During March 2017, a delegation appointed by Israel’s Prime Minister Binyamin Netanyahu held lengthy discussions in Washington with the Trump administration over construction in the Israeli settlements in Judea and Samaria (aka the “West Bank”). No summary of those discussions was published, but on March 30 the security cabinet of the Israeli government informed the media that it had drawn up guidelines limiting further construction. Now, however, Israeli Defense Minister Avigdor Lieberman — who has direct responsibility for approving all such construction plans — has confirmed that “Israel is coordinating its settlement construction with the White House.”

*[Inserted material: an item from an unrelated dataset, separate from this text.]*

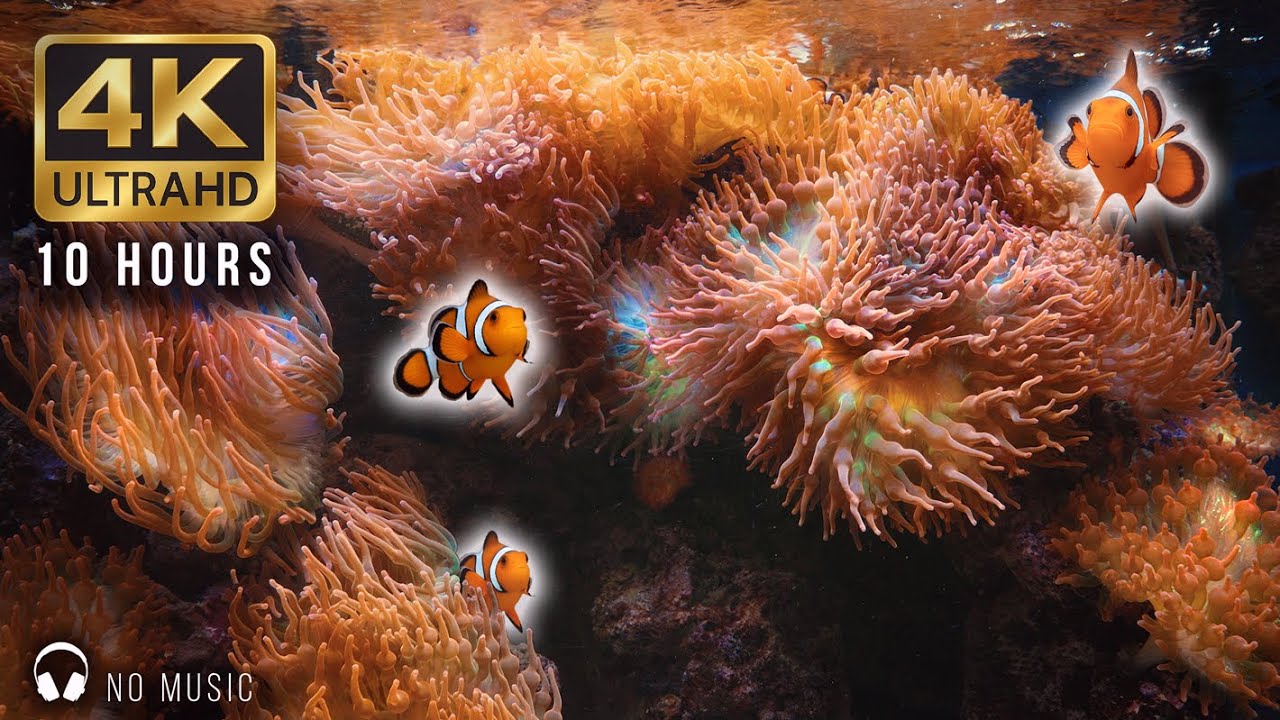 10-Hour 4K Clownfish Aquarium | Relaxing Bubble-Tip Anemones & Natural Water Sounds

He specified that “while coordination is not happening on the level of every ’10 [houses],’ there is general understanding between Jerusalem and Washington about acceptable levels of construction in the West Bank.” This would explain why, whereas under the Obama administration any Israeli announcement about even a small number of housing units would provoke ritual squeaks of protest from U.S. officials, the recent announcements of larger numbers have escaped loud censure.

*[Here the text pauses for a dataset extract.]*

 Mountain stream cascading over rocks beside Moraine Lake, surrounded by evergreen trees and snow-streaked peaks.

It should be noted that such announcements commonly give an exaggerated impression of the scale of construction. This is because Israeli urban planning involves a series of stages of approval before actual construction goes ahead. Thus the most recent announcement, billed as “building at the highest level since 1992,” aggregates plans at various stages of approval, some of which were included in earlier announcements. To add together all such figures over a long period would therefore be mistaken because of multiple counting of the same individual housing units.
The new settlement policy was released to various media, such as here, where it is stated:
“Israel, according to the security cabinet decision, will — as much as possible — only permit building within the existing construction lines of the settlements… In areas where this is not possible because there is no more available land inside the settlements, construction will take place close to the existing construction line. Where this too is impossible because of issues of land ownership, or security or topographic considerations, Israel will build as close to the existing settlement as possible… Israel also committed itself not to permit the establishment of new wildcat outposts.”

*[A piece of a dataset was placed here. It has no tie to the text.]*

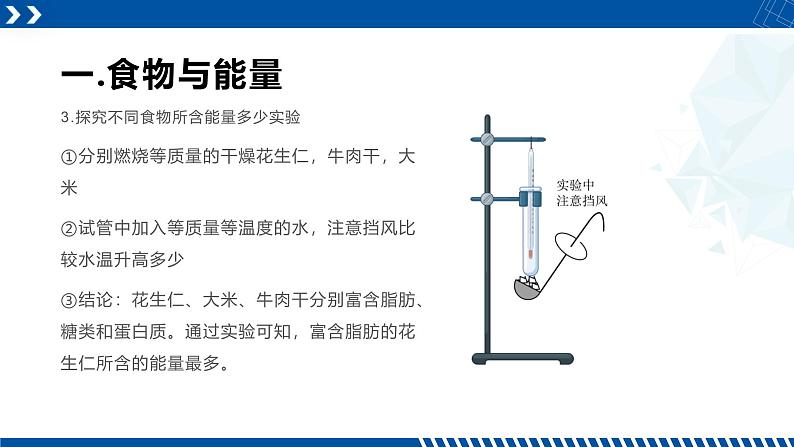 浙教版九年级科学上册同步精品课堂 4.1食物与营养（课件）05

Several comments are in order. First, this is more or less what all Israeli governments did after the signing of the “Oslo Accords” of 1993 and 1995 and up to the middle of 2016. Second, the details are spelled out far more minutely than in any previous Israeli official statement. Third, the decision applies equally to all settlements whatsoever, whereas previous discussions might distinguish between settlements within or beyond Israel’s security barrier or between the main “settlement blocks” and “outlying settlements.” (Even the two major opposition parties in the Israeli parliament — the Labor Party and Yesh Atid — agree with the government that the settlement blocks should be kept by Israel in any final agreement with the Palestinians.)
On the other hand, two recent exceptions to that policy will be retained. One is the proposed construction of Amihai. This is an entirely new settlement, the first since 1992; it is to be inhabited by the 40 families expelled on February 1-2, 2017 from Amona, the wildcat outpost that they had set up back in 1995 without government permission and on land privately owned by Palestinians. (The expulsion was long delayed for various reasons, most recently because the settlers produced documents of purchase of the land, which were proven false in 2014.) The construction of Amihai was ratified by the security cabinet at the same meeting on March 30, but because Netanyahu had promised the settlers a new settlement at the time of their evacuation it was treated as a matter that preceded the discussions with the Trump administration. (The name “Amihai” itself was coined by the settlers only in May 2017.)
The other exception is the so-called “Judea and Samaria Settlement Regulation Law,” passed by the Israeli parliament on February 4, 2017 after long discussions that started in mid-2016 and that were provoked precisely by the case of Amona. The law addresses land occupied by settlers either within or outside officially created settlements, but which was subsequently found to be privately owned by Palestinians. As far back as 1979, Israel’s Supreme Court ruled that settlements could not be built on such land. The law seeks to permit compulsory acquisition of the land while compensating the owners (either financially or with state land elsewhere) if occupation of the land occurred “in good faith” (i.e., without prior knowledge of Palestinian ownership) or if the Israeli state had de facto assisted the occupation (e.g., by connecting buildings to the water or electricity grid). It is widely expected that the law itself will be struck down by the Supreme Court.